As I tell my many clients, the people who are most important to you in your business and personal lives at present were once complete strangers to you. The logical conclusion we can draw from that blindingly obvious statement is that we never know when we are going to bump into the next stranger who will assist us further on our journey. Normal people interact with other normal people and situations without this realisation and, therefore, their life’s journey can rarely be described as exciting. Most normal people plod through life on what they perceive to be almost a pre-determined treadmill. People brought up in working-class environments usually go on to lead working-class lives. Where I live, village artisans – plumbers, carpenters, masons – usually bring future village artisans into the world. The same goes for most people.

Abnormal people interact with normal people and situations in a totally different manner – ever present to and aware of the potential that each new encounter can hold. The difference between these normal and abnormal people has nothing to do with socio-economic background, nothing to do with education, nothing to do with their friends. The difference is simply to be found in their state of mind. Research indicates that many abnormal people instinctively operate at this level – in these cases, their early upbringing may well have had a positive impact (or a negative upbringing might have spurred them into alternative action). But not all abnormal people are “made that way” – we can all be abnormal, we can all re-learn the ability we innately possessed as children to meet and greet each new person and each new situation with a childlike open-mindedness.

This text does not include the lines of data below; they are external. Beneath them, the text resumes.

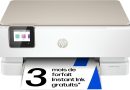 HP Envy Inspire 7220e, 242P6B, Imprimante Multifonction à Jet d&rsquo;Encre A4 Couleur, Recto Verso Automatique, 22 ppm, Wi-Fi, 3 mois de forfait Instant Ink gratuit, Blanche – Le détail qui change tout au quotidien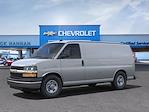 2024 Chevrolet Express 2500 RWD, Empty Cargo Van for sale #G24723 - photo 3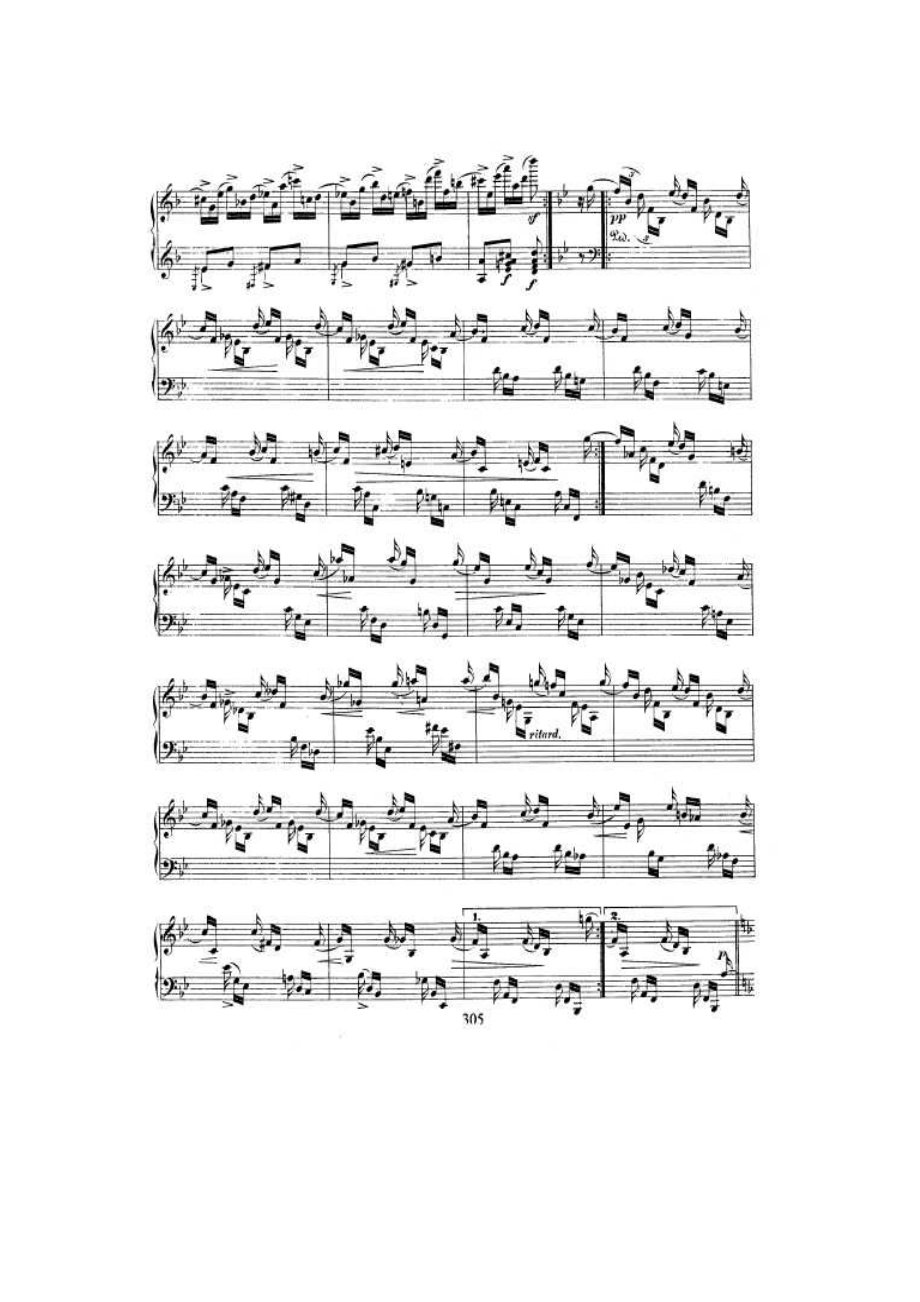 Schumann 钢琴谱_7.docx_第2页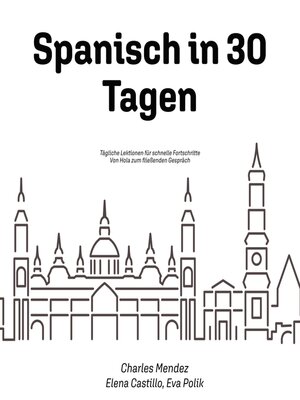 cover image of Spanisch in 30 Tagen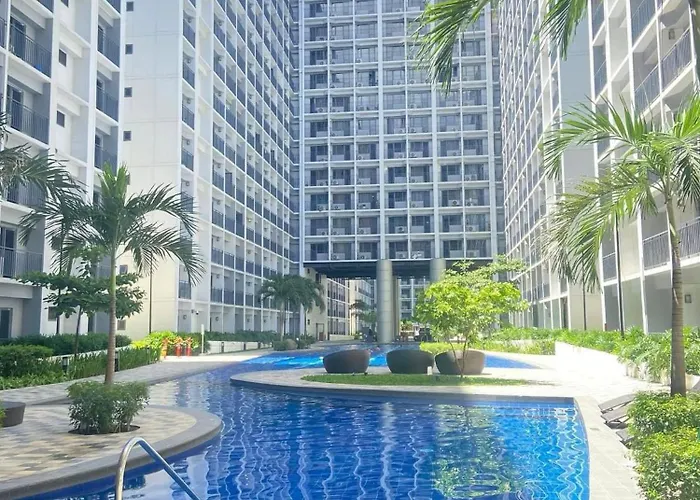 Near Mall Of Asia, Smx And Moa Arena Aparthotel *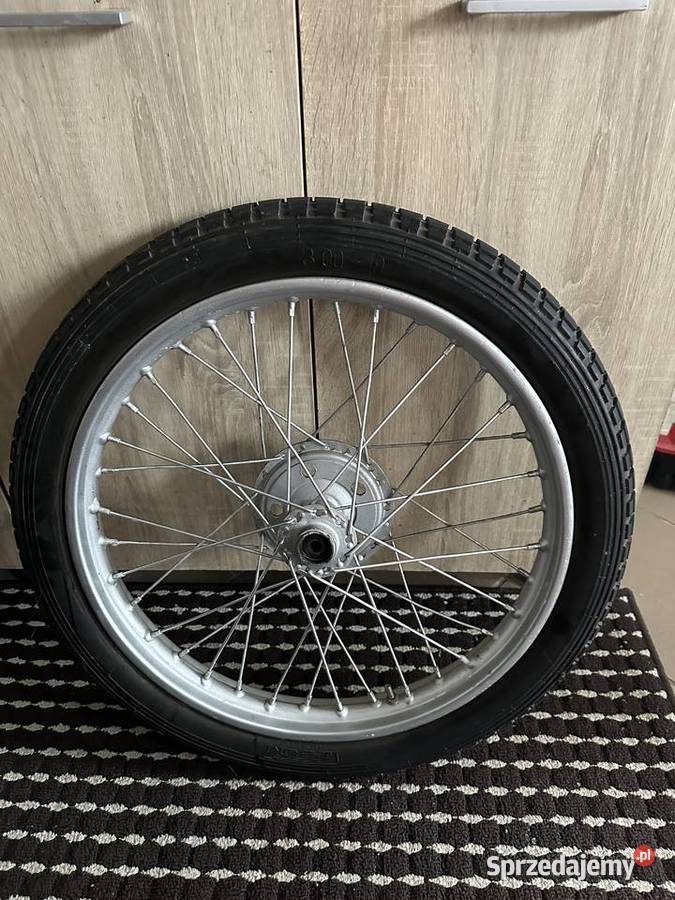 Koła do WFM M06 warmińsko-mazurskie Tolkmicko sprzedam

And therein lies the secret to abnormal happiness and success, far beyond the perceived pre-determined routes on which most normal lives meander. We simply need to re-learn to be attentive – not seeking out, searching for or hankering after life’s next opportunity, but simply fully attentive to and mindful of the present moment, the here and now, the only time and place we have.

Psychological research, quantum physics and the age-old wisdom of great minds all converge on the importance of paying attention. Your ability to pay attention to directly linked to your ability to be abnormally happy and effortlessly successful. And all it takes is a little commitment on your part to deliberately pay attention to small things in your life – so that the big things in your life will follow. By way of example, I invariably suggest to my clients that they shave or brush their teeth with the hand with which they do not habitually perform those mundane tasks. This has a double effect – because in deciding to do such a repetitive and habitual task differently, we realise, in that moment, that for every mundane and repetitive task in our lives, we have a choice – moment to moment. That, for many is the only revelation they need. But there’s more because, in doing something so simple differently, we are compelled to pay that simple task more attention. And paying more attention is the key to the life your heart desires.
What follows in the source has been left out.